We're Building This Castle
My present apartment was fine for me alone that first year, when I was looking for a wife. The location was perfect, right on the Volga River, at the center of the transportation net, near the parks, stores, cafes, theaters, concert halls, saunas, pool halls, gambling casinos, libraries, topless joints, museums, universities, and everything that makes Tver a very nice city. The rent wasn't bad, $130 a month (furnished) including heat, water, lights, and telephone. For some photos of Tver, check out my City Tver image gallery. But with a beautiful wife, a pretty daughter, and a dog that wins beauty contests, it was sort of crowded. We spent a year debating what we wanted to do. A luxury apartment? A fine house? The usual Russian apartment and dacha (country house) combination?

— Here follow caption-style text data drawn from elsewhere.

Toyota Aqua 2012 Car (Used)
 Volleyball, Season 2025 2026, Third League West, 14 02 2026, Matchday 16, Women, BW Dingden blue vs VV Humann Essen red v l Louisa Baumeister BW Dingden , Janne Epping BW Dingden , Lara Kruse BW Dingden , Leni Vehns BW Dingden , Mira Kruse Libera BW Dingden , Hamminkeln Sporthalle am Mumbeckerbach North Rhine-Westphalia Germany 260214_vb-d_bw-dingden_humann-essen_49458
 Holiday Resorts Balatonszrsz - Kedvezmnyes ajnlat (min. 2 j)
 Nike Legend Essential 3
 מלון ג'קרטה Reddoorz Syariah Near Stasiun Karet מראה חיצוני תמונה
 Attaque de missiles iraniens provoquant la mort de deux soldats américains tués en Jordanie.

I eventually noticed that building costs here are very low. Plumbers work for around a dollar an hour, and if you buy locally made products, they too are inexpensive. Bricks made in the local factory sell for three cents each. But you have to buy white ones. Red Bricks, made in St.Petersburg, cost three times as much. I did some back of the envelope computing and convinced myself that I could build the castle of my dreams, cheap! There turned out to be some catches. In America, if somebody owns some empty land free and clear, and you are paying cash, the deal can be filed and completed in twenty minutes. In Russia, the bureaucracy is even worse than that in the US. Hard to believe, I know. Things can happen fast in America. When a friend of mine in California ordered a house a while ago, he was guaranteed completion in eight weeks. Our construction started 16 months ago, and it likely won't be done for another year. Then again, Rodger isn't getting masonry walls three feet thick! And mostly, you can get a mortgage in the US. Rodger put $500 down and signed the deal. Mortgages seem to be illegal in Russia. You want it, you pay cash. So since I couldn't mortgage the castle, I had to mortgage myself. I promised to write five more books for Mr. Baen.
We still don't have the roof on, and then there are still the windows, doors, the interiors, the draw bridge, the mote, the outer walls, the gardens, the peacocks and the unicorns, and dozens of other necessary things. We are pressing forth earnestly, and some day, some day, even the wine cellar will be filled. The armored knights should be easy enough. I'll just set up a local version of the SCA. And Tver is filthy with lovely maidens who can easily be put in distress. The place will have three main bedrooms, five guest rooms, and six cubbyholes up in the garret. Plus the servant's quarters, of course.